L'unica definizione che sembra avere una logica è quella di "moderati" come una sorta di "via di mezzo", come sinonimo di "centristi": coloro che si pongono politicamente al centro, equidistanti, rispetto a una destra e ad una sinistra, e tra qualsiasi istanza di cambiamento e lo status quo. Se è così, possiamo già arrivare a due conclusioni: in Italia il termine soffre di un evidente strabismo, perché viene usato per indicare un'area che va dal centro al centrodestra, escludendo solo una ristrettissima area della destra. Inoltre, soprattutto negli anni di crisi profonda che viviamo avrebbe poco senso sostenere che abbiamo bisogno di cambiamenti "moderati". Tutte le evidenze sembrano dimostrare che al contrario il nostro Paese abbia bisogno di cambiamenti drastici, altro che moderati! Cosa pensano in proposito i nostri moderati?

In un'epoca in cui è sempre più difficile affidarsi alle categorie destra-sinistra per interpretare la nostra realtà politica, lo è a maggior ragione definire una via di mezzo tra di esse.
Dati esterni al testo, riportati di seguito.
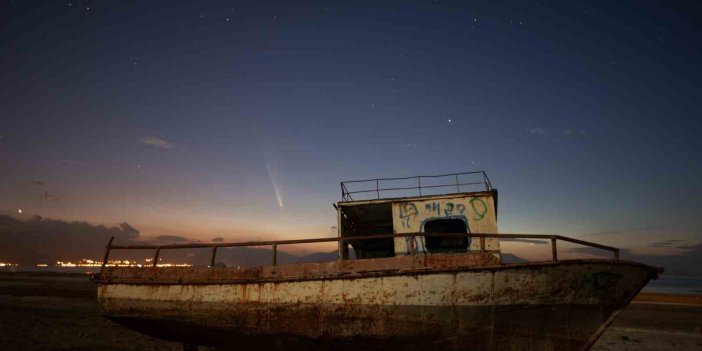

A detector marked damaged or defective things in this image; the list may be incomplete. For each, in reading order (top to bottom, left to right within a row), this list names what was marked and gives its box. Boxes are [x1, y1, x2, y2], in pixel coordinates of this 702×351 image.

Più che destra-sinistra la dicotomia "più Stato-meno Stato" sembra più idonea a identificare la visione distintiva delle diverse proposte che si muovono nel panorama politico. E nella gestione di due fondamentali variabili di finanza pubblica e politica economica, in Italia, storicamente, coloro che si definiscono "moderati" si sono rivelati degli estremisti: estremisti della spesa pubblica e della tassazione.

La sgradevole sensazione che ci assale di fronte all'abuso del termine "moderati", al moltiplicarsi delle alchimie politiche per dar vita a sempre nuovi contenitori per riunirli sotto un unico tetto politico, e agli spazi mediatici che queste operazioni occupano, è che si tratti di dissimulare uno spaventoso vuoto di contenuti ideali e programmatici. Un termine dietro il quale si nasconde abilmente un ceto politico malato di indecisione, immobilismo e opportunismo.

La centralità nello schieramento politico non ha così lo scopo di "moderare" le diverse istanze, ma di mantenere per sé una rendita di posizione, e di potere, derivante dall'arte del compromesso "a prescindere". Tale strumentalità nell'uso del termine "moderati" è accentuata da un'anomalia prettamente italiana. Nei sistemi politici occidentali, proporzionali o maggioritari, esistono i "moderati", i centristi. Ma si tratta di aree e singole personalità che convivono all'interno delle grandi forze politiche del Paese, una di centrodestra e una di centrosinistra; che ne moderano le proposte; che svolgono la funzione di spingerle a sfidarsi per la conquista del centro dell'elettorato, cioè degli elettori meno schierati e meno ideologici. L'ossessione dei nostri moderati, invece, è costituire un presidio partitico in cui il centro dell'elettorato possa stabilmente riconoscersi, per godere di una specie di delega in bianco e restare sempre al governo.